Data records:
----

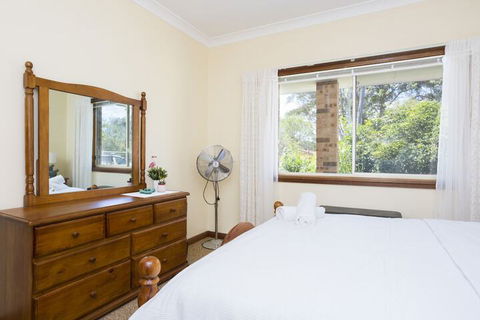South Coast Getaway House Sleeping 8 Guests - Perisher Accommodation 7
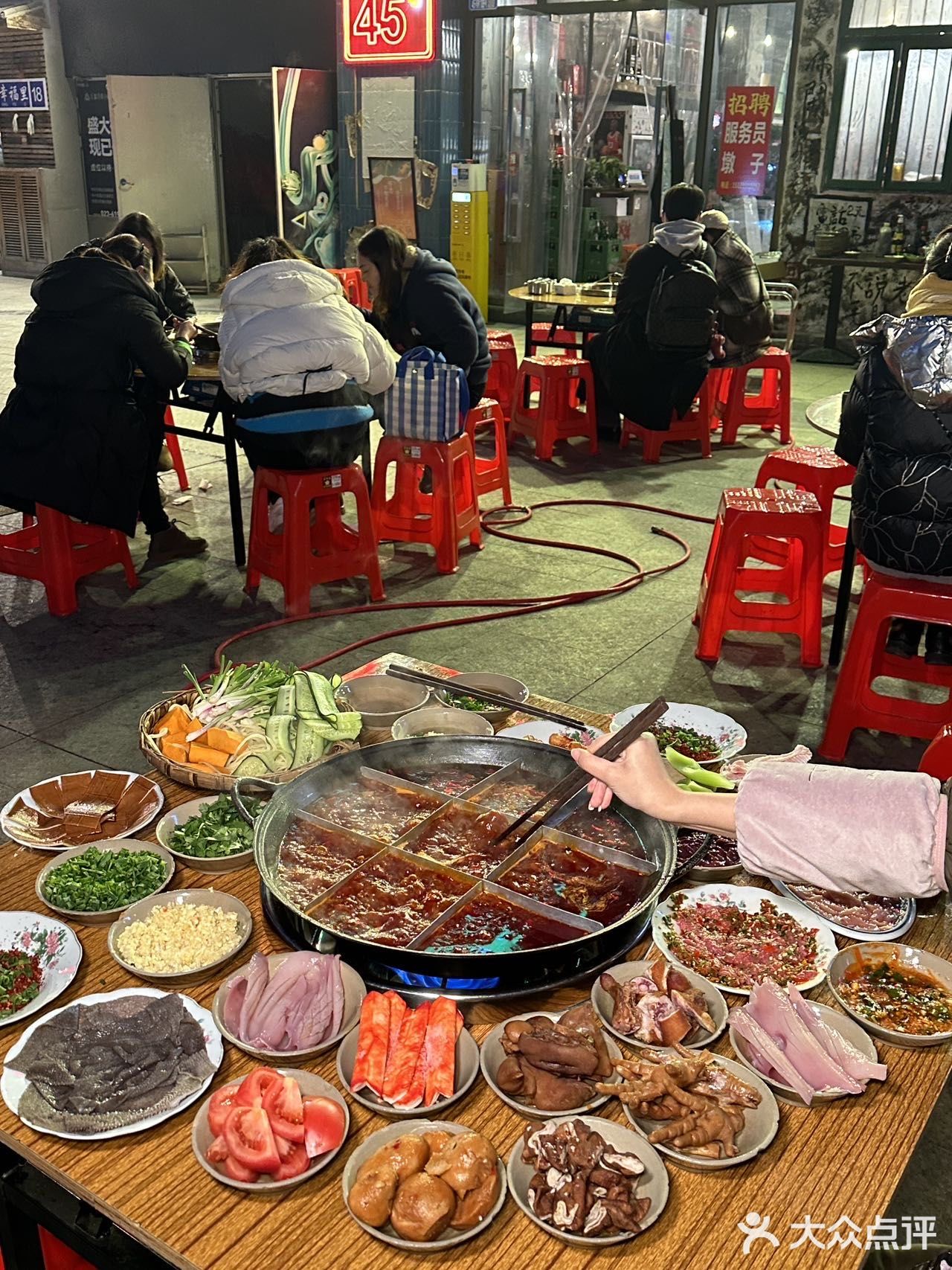 这才是重庆本地人真正喜欢吃的社区老火锅！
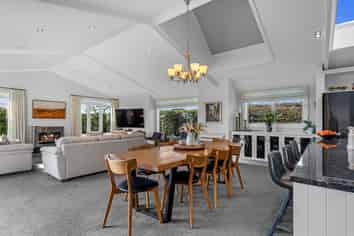 6 Park Drive, Richmond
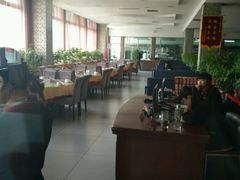 -三泉海中鲜海鲜加工零售广场(幸福时代店)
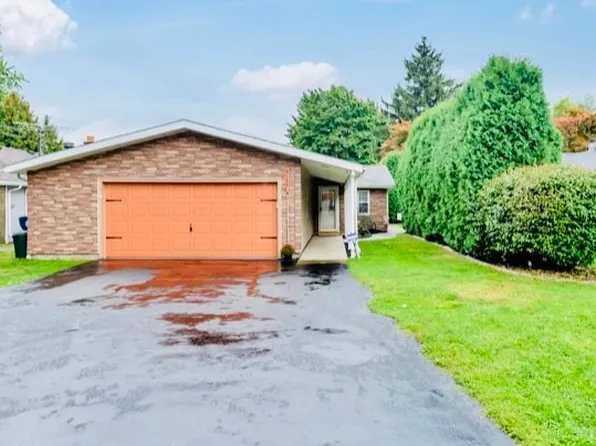 9129 Rivershore Dr, Niagara Falls, NY 14304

----

[Requirement] Could every entry be restated word for word, pictures excluded?

[Result of this task]
South Coast Getaway House Sleeping 8 Guests - Perisher Accommodation 7
 这才是重庆本地人真正喜欢吃的社区老火锅！
 6 Park Drive, Richmond
 -三泉海中鲜海鲜加工零售广场(幸福时代店)
 9129 Rivershore Dr, Niagara Falls, NY 14304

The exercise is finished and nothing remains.